Records for processing Block Start

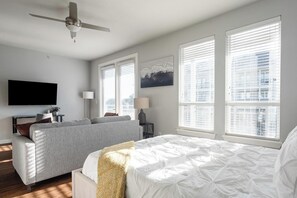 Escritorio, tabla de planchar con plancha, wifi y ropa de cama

Records for processing Block End
Records for processing Block Start

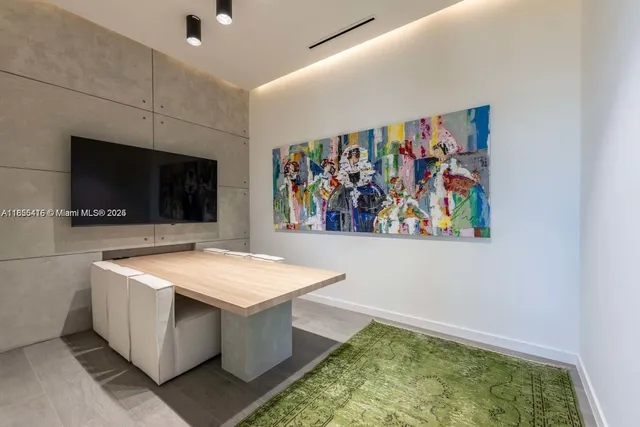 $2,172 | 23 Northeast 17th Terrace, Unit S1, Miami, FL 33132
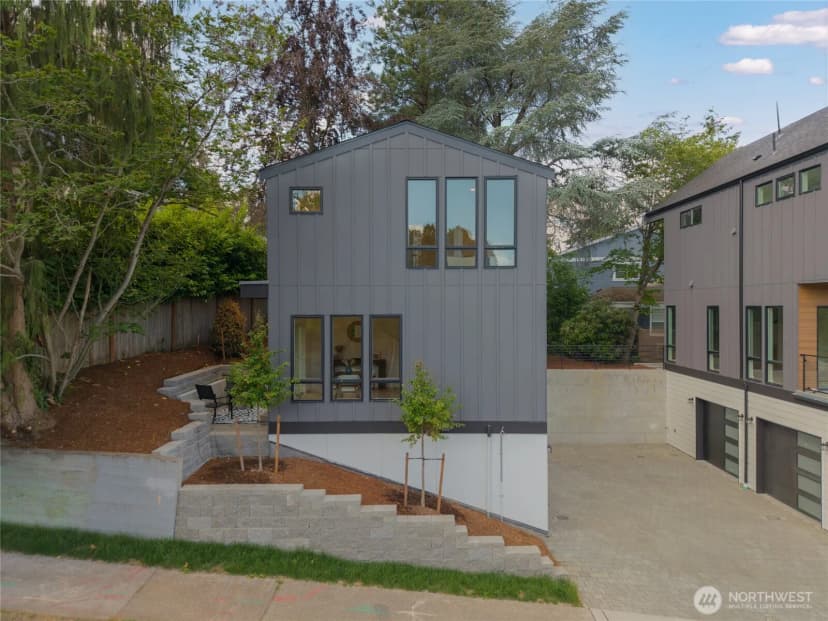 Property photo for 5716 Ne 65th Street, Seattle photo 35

Records for processing Block End
Records for processing Block Start

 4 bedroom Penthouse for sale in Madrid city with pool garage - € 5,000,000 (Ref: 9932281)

Records for processing Block End

**About this exercise**.
Exact repeat of the material above: every line from the one with "Miami, FL 33132" through the one with "Property photo for", endpoints included, and nothing more. No pictures.

**Final answer**.
 $2,172 | 23 Northeast 17th Terrace, Unit S1, Miami, FL 33132
 Property photo for 5716 Ne 65th Street, Seattle photo 35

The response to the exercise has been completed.